Às 5h da manhã de 24 de fevereiro de 2022, Sunday Adelaja acordou com o estrondo de explosões em Irpin, nos arredores de Kiev, onde morava próximo a um aeroporto militar. Com o início da invasão russa à Ucrânia, ele rapidamente reuniu sua esposa e quatro estudantes, pegando uma mochila e partindo em direção à fronteira com a Polônia.
Adelaja, fundador de uma das maiores igrejas evangélicas da Europa, a Embaixada do Reino Abençoado de Deus para Todas as Nações, tomou essa decisão acreditando estar em perigo. A sua congregação pentecostal tinha sua sede na Ucrânia, um fato surpreendente dado o histórico ortodoxo do país.
A igreja de Adelaja, conhecida por seu fervor evangélico e abordagem empreendedora, contava com aproximadamente 100 mil membros na Ucrânia e possivelmente milhões em todo o mundo, desafiando a tradição religiosa da região.
Ele se tornou uma figura proeminente local, mas também enfrentou críticas, especialmente após receber avisos do governo de Kiev de que estava na lista de alvos russos. “A luta de Putin se tornou a luta do mundo”, afirmou Adelaja.
Entretanto, enfrentou acusações de fraudes em um esquema de pirâmide, que teriam sido uma tentativa de injustiça contra ele. Apesar de não ter sido condenado por qualquer crime, as polêmicas ao seu redor mancharam sua reputação, especialmente em tempos de guerra.
A narrativa de Adelaja é emblemática do crescente pentecostalismo global, que encontrou apelo em países imersos em trauma, e revela como a religião é utilizada por políticos para alcançar fins pessoais. A habilidade dos pregadores carismáticos em influenciar suas congregações é especialmente evidente em períodos de turbulência.
O evangelho da prosperidade em um cenário de crise
Nascido em uma vila pobre da Nigéria, Adelaja superou desafios significativos, incluindo a infância marcada pela pobreza. Uma bolsa de estudos o levou à União Soviética, onde teve uma experiência transformadora em um culto evangélico na TV, inspirando sua trajetória religiosa.
Ao chegar a Moscou, ficou impressionado com a grandiosidade das igrejas, ainda que soubesse que, sob o regime comunista, eram apenas museus. Com o tempo, ele se fixou na Ucrânia, onde se tornou um correspondente de TV e começou a construir sua igreja.
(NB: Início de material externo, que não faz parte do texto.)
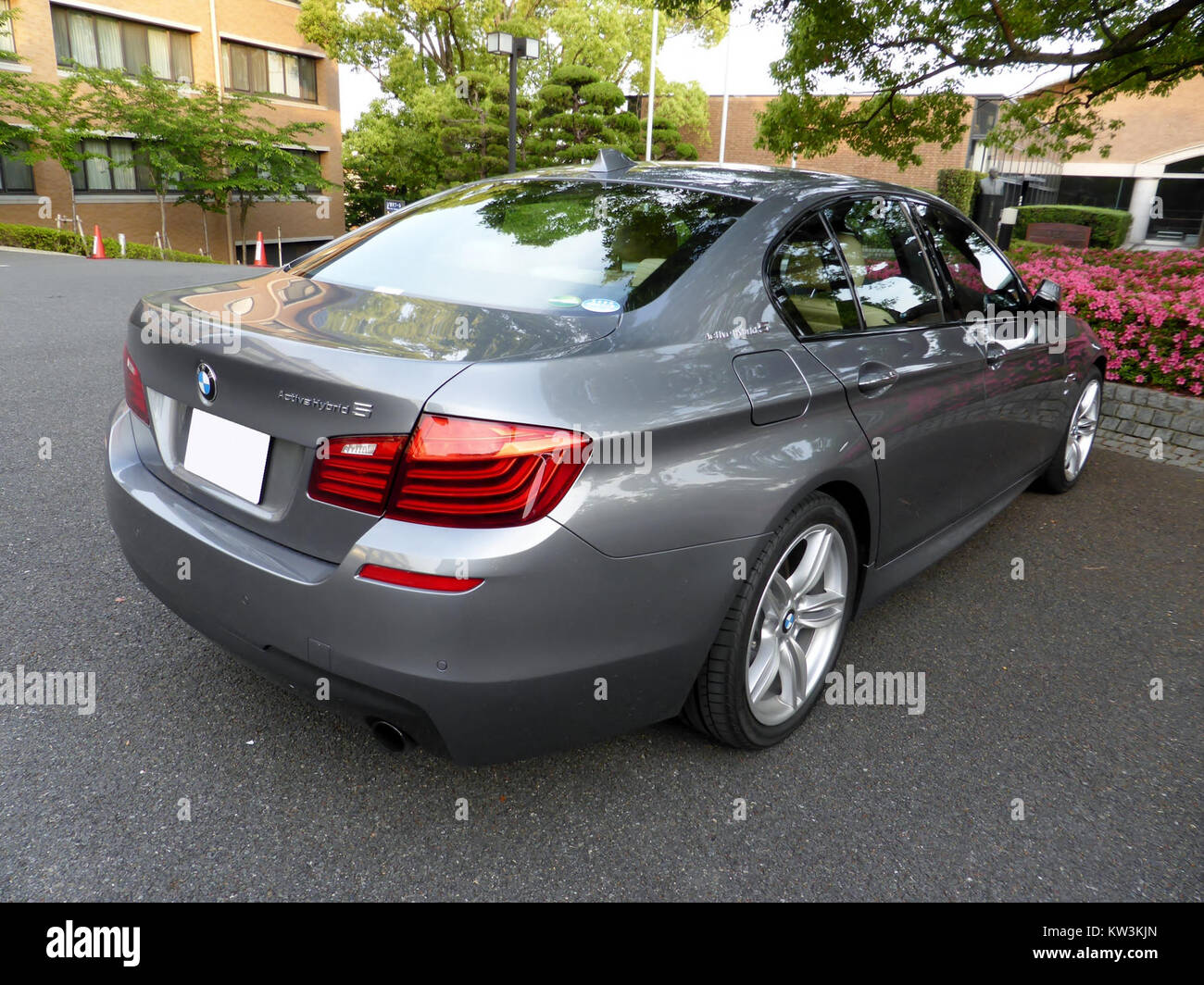 BMW ActiveHybrid 5 (F10) hinten Stockfoto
No início dos anos 2000, sua congregação se expandiu, convertendo-se em uma das maiores redes de igrejas da Europa. Adelaja estava no centro de um aumento global do pentecostalismo e do evangelho da prosperidade, atraindo a atenção de políticos e cidadãos em busca de esperança durante tempos difíceis.
O crescimento da igreja também trouxe desafios, incluindo resistência de figuras tradicionais e investigações sobre possíveis abusos psicológicos em sua congregação. Na Rússia, as reações foram intensas, com alegações de que ele era uma “ferramenta dos EUA” em uma nação histórica com ricas tradições religiosas.
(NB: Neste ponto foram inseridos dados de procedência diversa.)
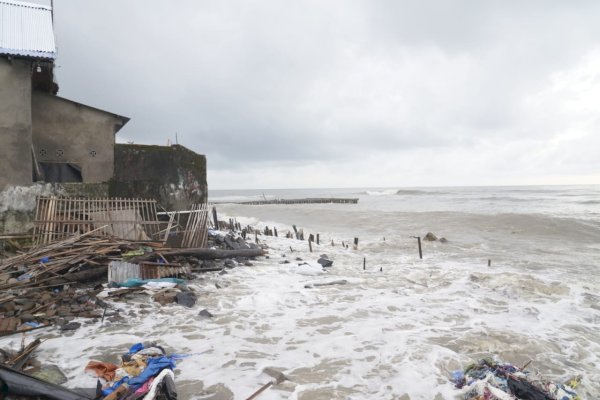 57 KK Mengungsi Akibat Abrasi di Takalar Sulsel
Acusações de envolvimento em um esquema de pirâmide surgiram em 2008, ligando sua imagem a um investimento fracassado que afetou centenas de pessoas. Embora ele defenda sua inocência, o impacto de tais alegações foi inegável, resultando na redução de membros e encerramento de igrejas.
Refugiado e o desejo de retornar
Atualmente, Adelaja reside em Bruxelas e reflete sobre seu retorno à Ucrânia, uma vez que deseja passar a liderança da igreja para outros pastores, mas não pretende permanecer. O impacto da guerra na Ucrânia deixou profundas marcas, com perdas significativas entre seus membros.
Adelaja nutre forte desejo de contribuir com a África, refletindo sobre as injustiças que alguns líderes religiosos perpetraram no continente. Ele se mostra determinado em educar os africanos sobre a realidade de líderes autoritários e a necessidade de discernimento em relação a desinformações disseminadas por esses regimes.
Haverá um futuro para ele na Nigéria? Adelaja afirma que é um desafio que ele está disposto a enfrentar, confiando na força que a fé e a autodeterminação lhe proporcionaram ao longo de sua vida. Ele busca fortalecer comunidades e dar voz aos necessitados, provando que a fé pode ser um poderoso instrumento de mudança, mesmo em tempos de crise.